Germany's EU summit backdown raises many questions

Germany has submitted to US demands that sovereign debt holders be immune to "haircuts" if sovereign debt be restructured.  Private sector involvement in debt restructuring is now officially over, according to "EU Summit Clarifies Fiscal Union...".  Haircut risk has been transferred away from sovereign debt holders, banks, and bond insurers.

At first blush, this raises many questions.
  • What does this really mean?
  • Does this not interfere with normal bond market operation?
  • Why exactly would Germany agree to insulate bondholders, who knowingly and willingly took that risk, for potential income?
  • To whom, exactly, has the "haircut" risk been transferred?
  • Who will benefit if credit default swap (CDS) prices fall?
  • Is "haircut" immunity intended to protect banks who have overleveraged re-hypothecated clients' funds?

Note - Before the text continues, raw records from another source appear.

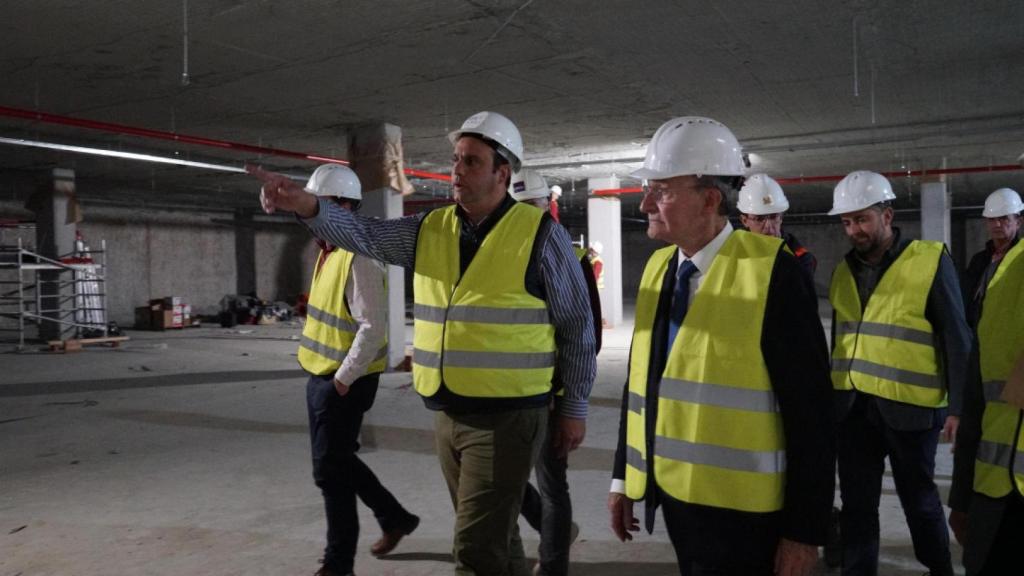 Imagen de archivo de Manuel Díaz Guirado y el alcalde, Francisco de la Torre, en la visita a las obras del aparcamiento Pío Baroja.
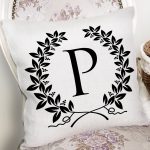 - Rh-K9737-Gorsel2 - Realhomes Siyah Beyaz Çelenkli P Harfi Özel Tasarım Dijital Baskılı Yastık Kırlent Kılıfı Realhomes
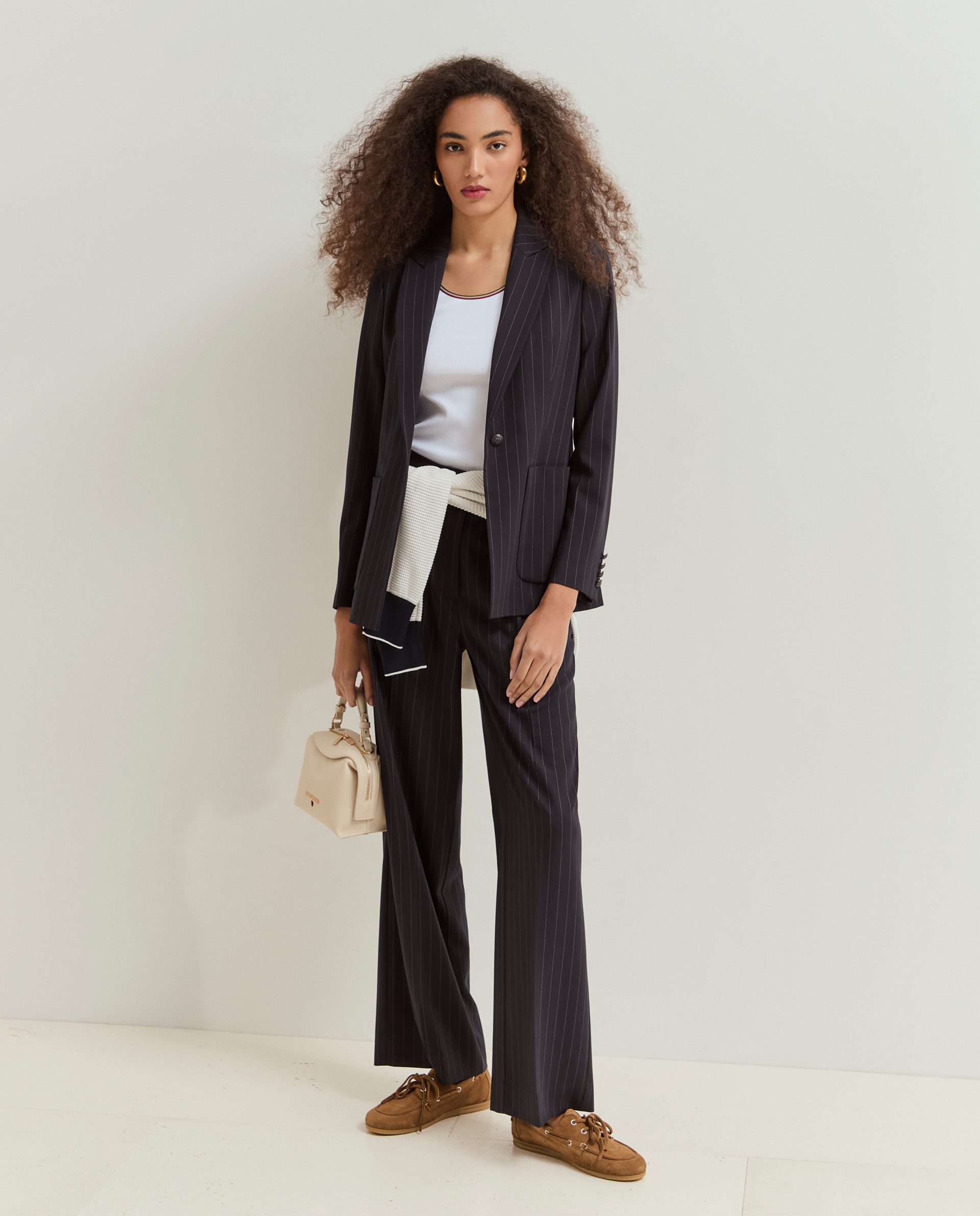 Imagem 0 de Blazer risca-de-giz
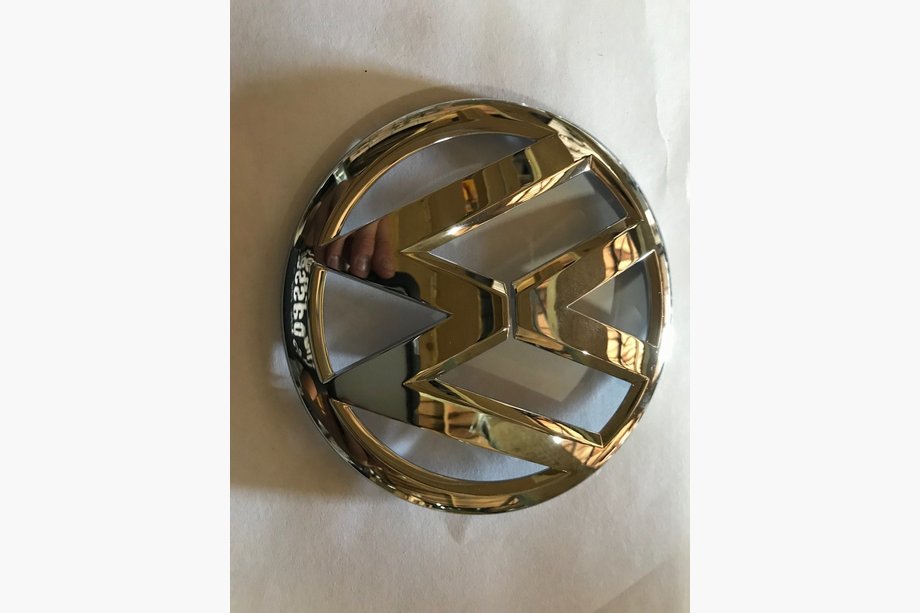 Volkswagen Passat B8 2015-2023 Frontemblem (oberer Teil, Original) Image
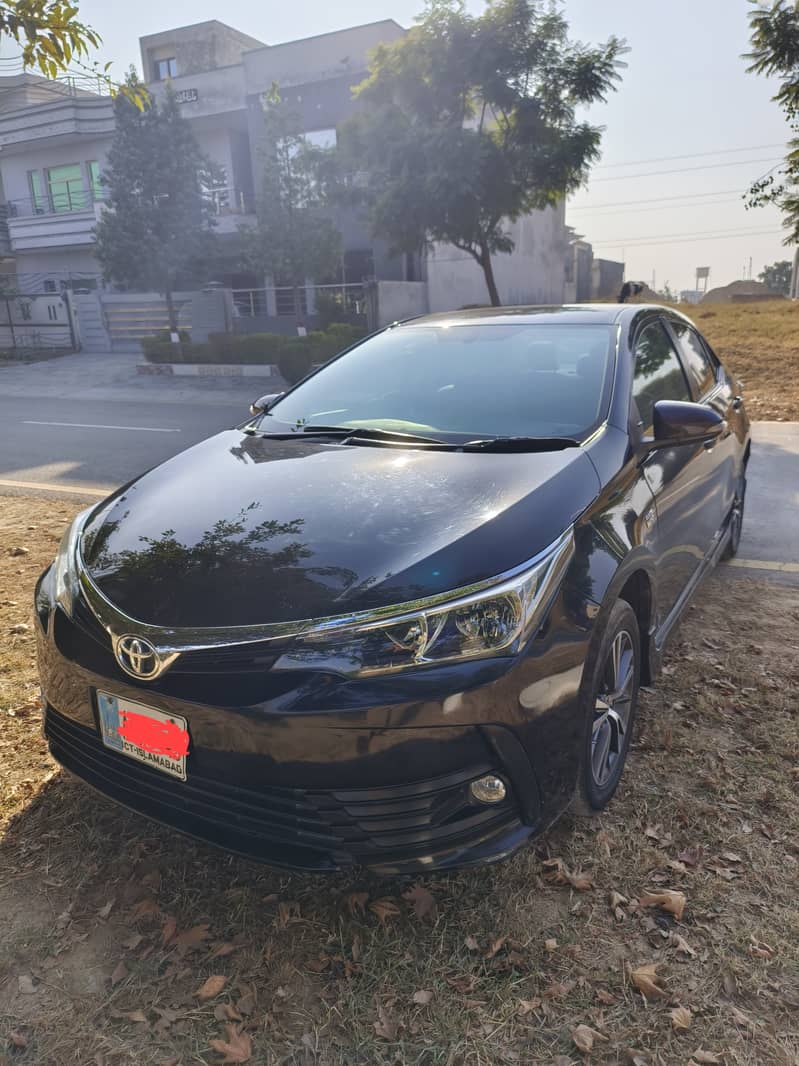 Toyota Corolla 2019 Altis/115,000 km/Islamabad plate/Black/Alloy Rim 3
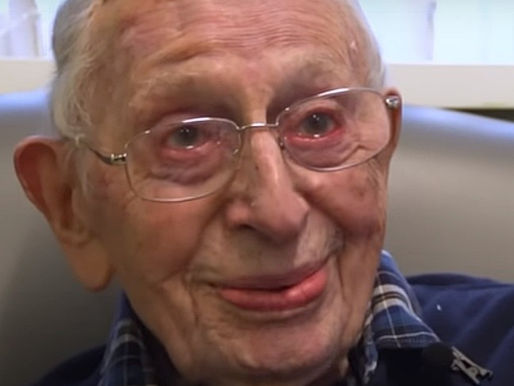 El hombre más longevo del mundo sigue siendo ingles, y así explica su larga vida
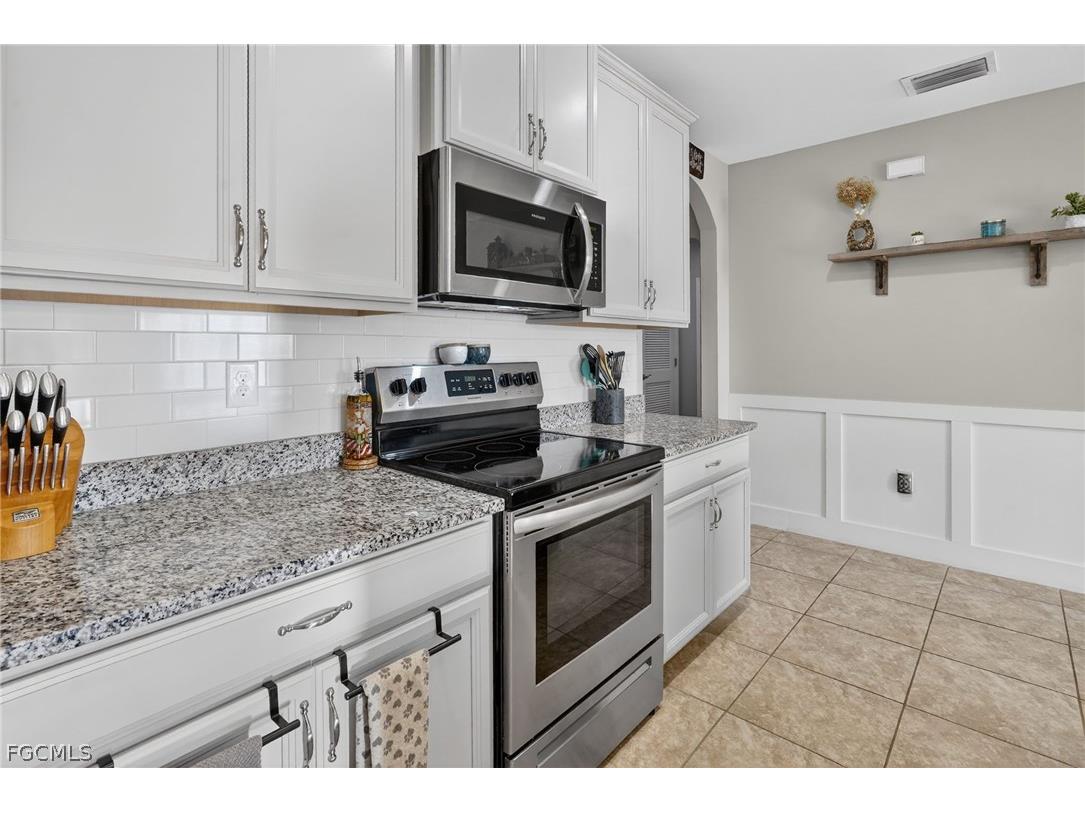 3223 Birchin Lane Fort Myers FL 33916 2026013533 image13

  • And to protect overexposed CDS issuers who've sold insurance to clients who don't even own bonds, making imprudently large "bets" that there would be no sovereign defaults?
  • Are US financial insurers still selling CDS insurance over Greek and Italian sovereign debt, to those who don't even own that debt?
Immunity against a "haircut" would only be if debt were restructured.  There appears to be no immunity against actual sovereign debt default.  Germany is obliged to prevent European money printing to avoid another Weimar republic, hyperinflation, social instability, political extremes, and war.
  • What would happen if a large European nation is unable to meet its sovereign debt obligations, worth more than the combined resources of the IMF, European Financial Stability Facility (EFSF), European Stability Mechanism (ESM) and European Central Bank (ECB)?
  • Is Euro money printing inevitable, to protect debt holders at any cost?
  • Can Europe refuse US exhortations to print money?
  • Can the US print money to purchase European sovereign debt to protect US banks and debt insurers?
  • Does this let financially irresponsible nations off the hook?
  • Does this let financially irresponsible banks and bond insurers off the hook?
  • Can the ECB's remit to control the European money supply, and to prevent European inflation, be undermined by the US?
I encourage discussion about the implications of this, in order to all share a wider understanding of these unprecedentedly abnormal financial and economic times;  to understand how our world has fundamentally and permanently changed.